**DIRECTIONS**
Could you please reproduce the entries exactly, leaving out any pictures?

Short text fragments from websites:
--- START ---
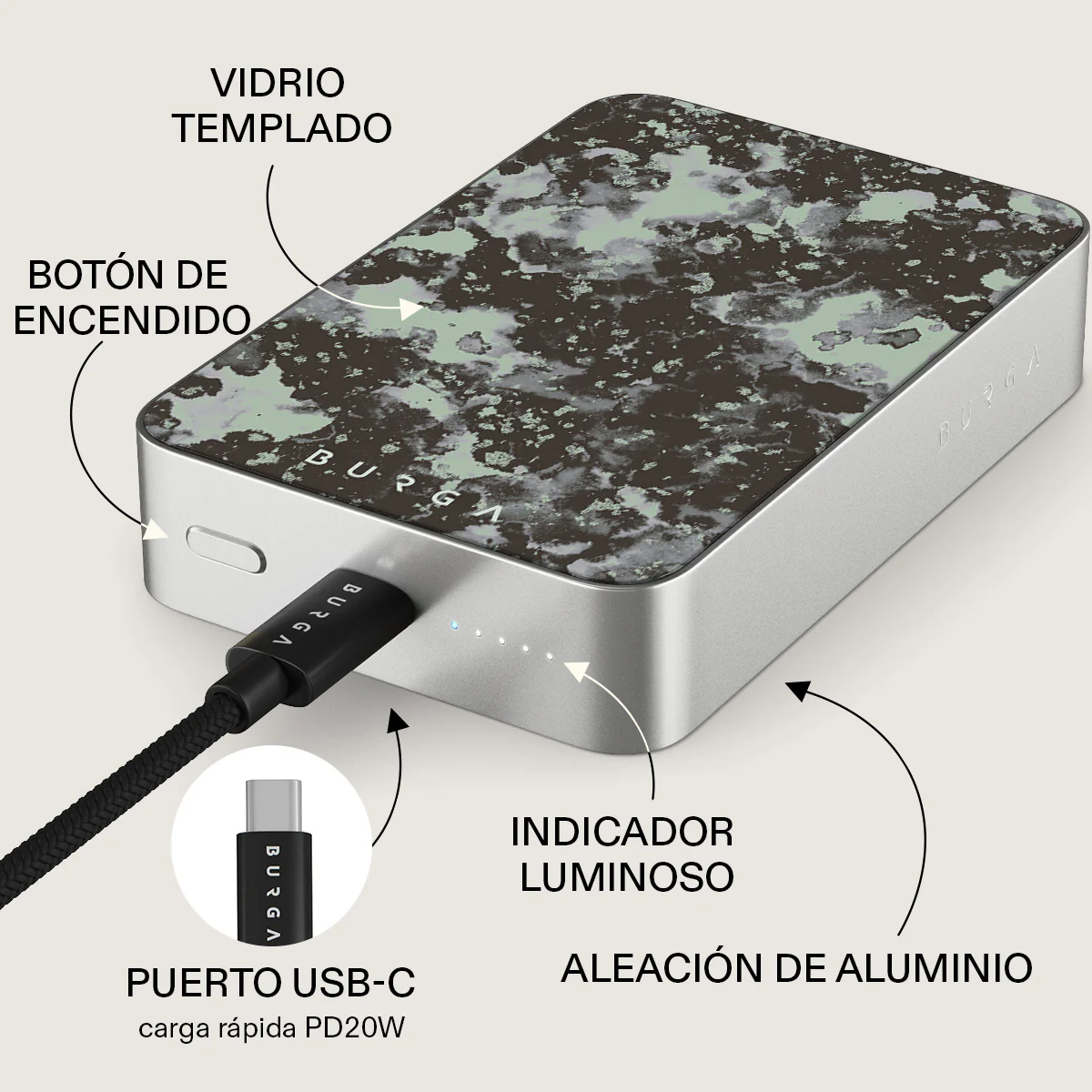 Nordic - Power Bank Magnético - Image 45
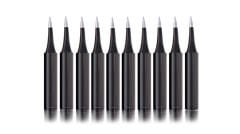 Sunline 900M-T-I Lehimleme Havya Uç İnce (10 Adet) Siyah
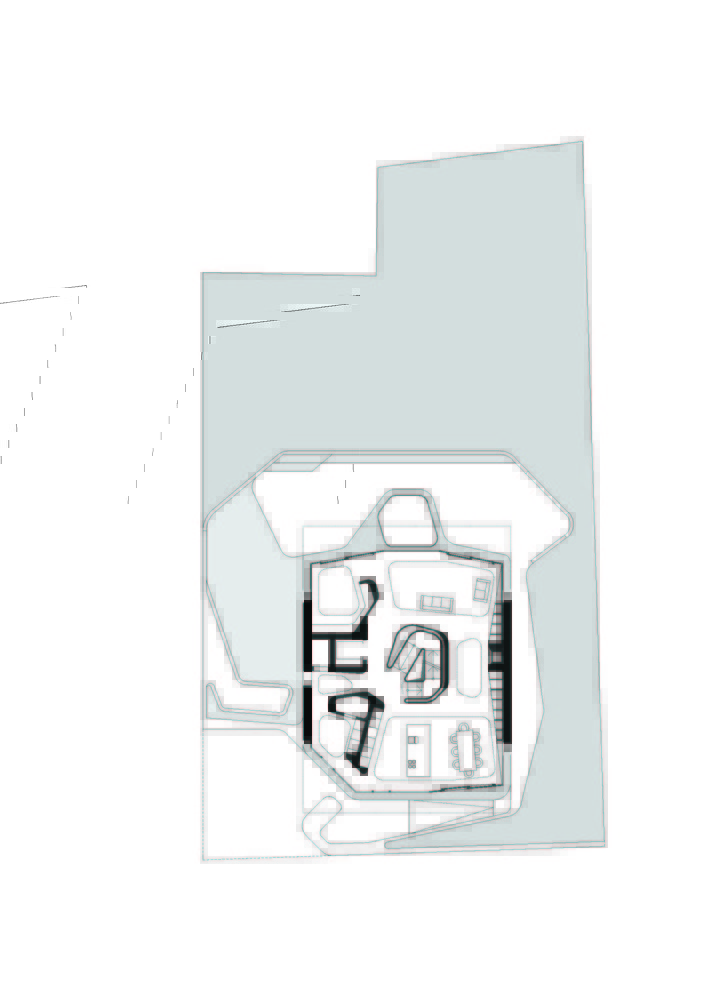 “巨头大鲨鱼”住宅 Ols House / J. Mayer H. Architects-25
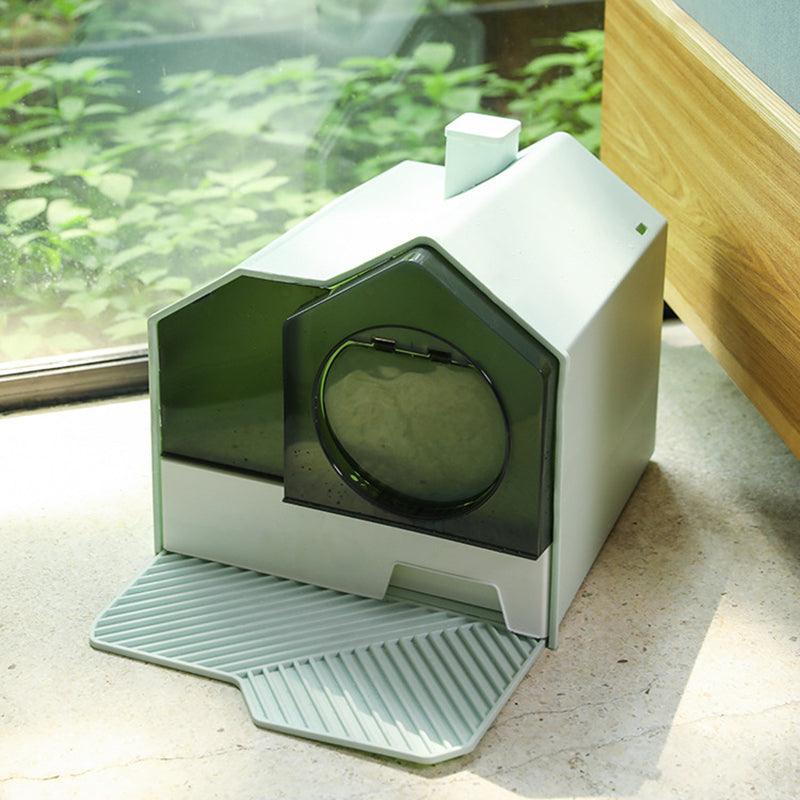 Enclosed Pet Oasis: The Ultimate Odor-Free Cat Litter Box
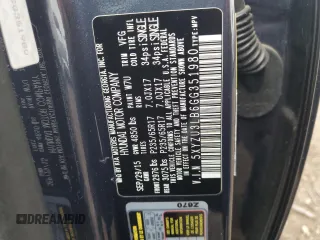 2016 Hyundai Santa Fe z VIN 5XYZU3LB6GG351980, wystawiony jako Copart lot #55326225 z przebiegiem 60 007 mil mil oraz Szkoda całkowita • Salvage title. Historia ofert i sprzedaży dostępna na DreamBid. Obrazek 12.
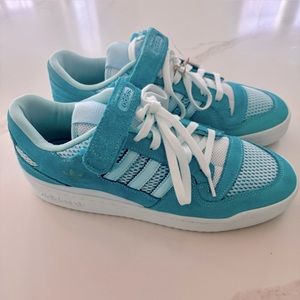 ADIDAS FORUM 84 LOW 8k-Aqua Clear US M 10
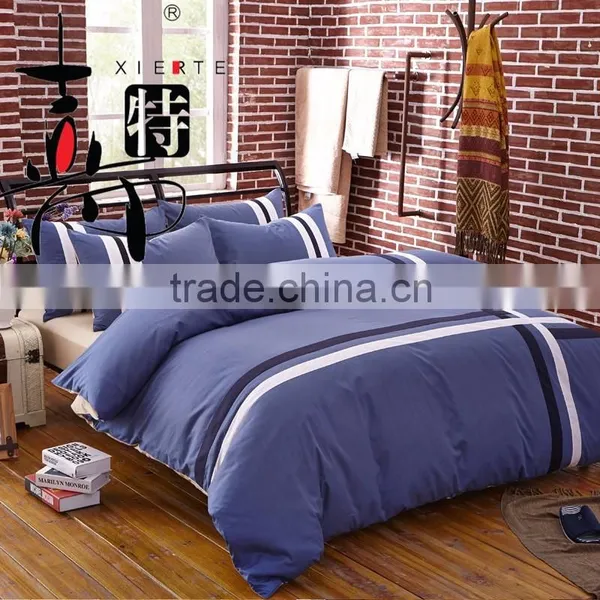 2016 Wholesales New Solid Color Cheap 100% Cotton Bedding Set photo-6
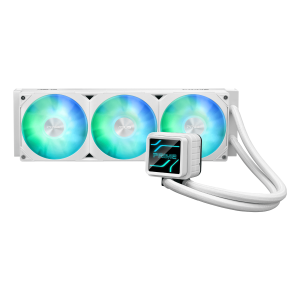 ASUS Prime LC 360 ARGB White Edition 360MM Liquid CPU Cooler
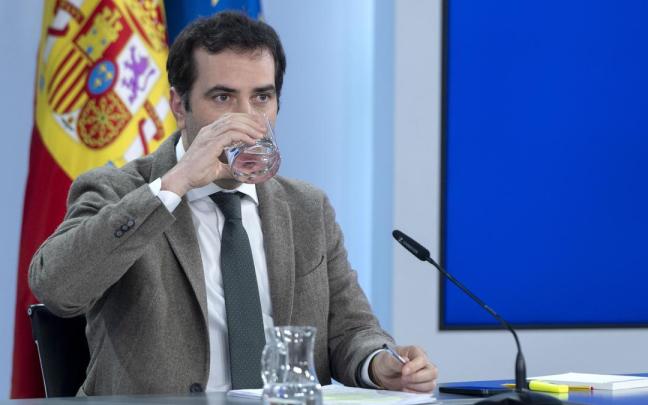 El ministro de Economía, Comercio y Empresa, Carlos Cuerpo.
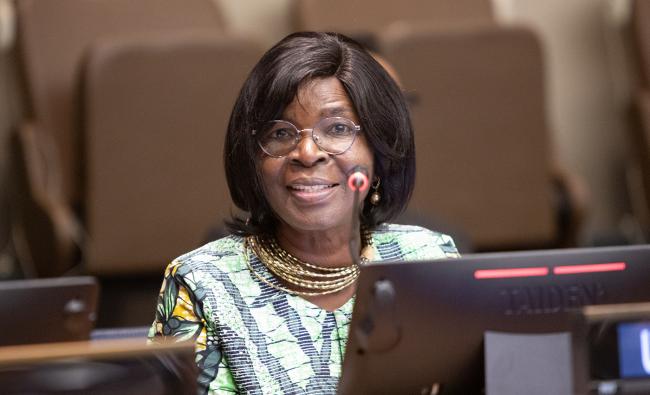 Juliette Biao, UNFF Secretariat Director   - UNFF21 - 11May2026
--- END ---
**RESPONSE TO THE EXERCISE**
 Nordic - Power Bank Magnético - Image 45
 Sunline 900M-T-I Lehimleme Havya Uç İnce (10 Adet) Siyah
 “巨头大鲨鱼”住宅 Ols House / J. Mayer H. Architects-25
 Enclosed Pet Oasis: The Ultimate Odor-Free Cat Litter Box
 2016 Hyundai Santa Fe z VIN 5XYZU3LB6GG351980, wystawiony jako Copart lot #55326225 z przebiegiem 60 007 mil mil oraz Szkoda całkowita • Salvage title. Historia ofert i sprzedaży dostępna na DreamBid. Obrazek 12.
 ADIDAS FORUM 84 LOW 8k-Aqua Clear US M 10
 2016 Wholesales New Solid Color Cheap 100% Cotton Bedding Set photo-6
 ASUS Prime LC 360 ARGB White Edition 360MM Liquid CPU Cooler
 El ministro de Economía, Comercio y Empresa, Carlos Cuerpo.
 Juliette Biao, UNFF Secretariat Director   - UNFF21 - 11May2026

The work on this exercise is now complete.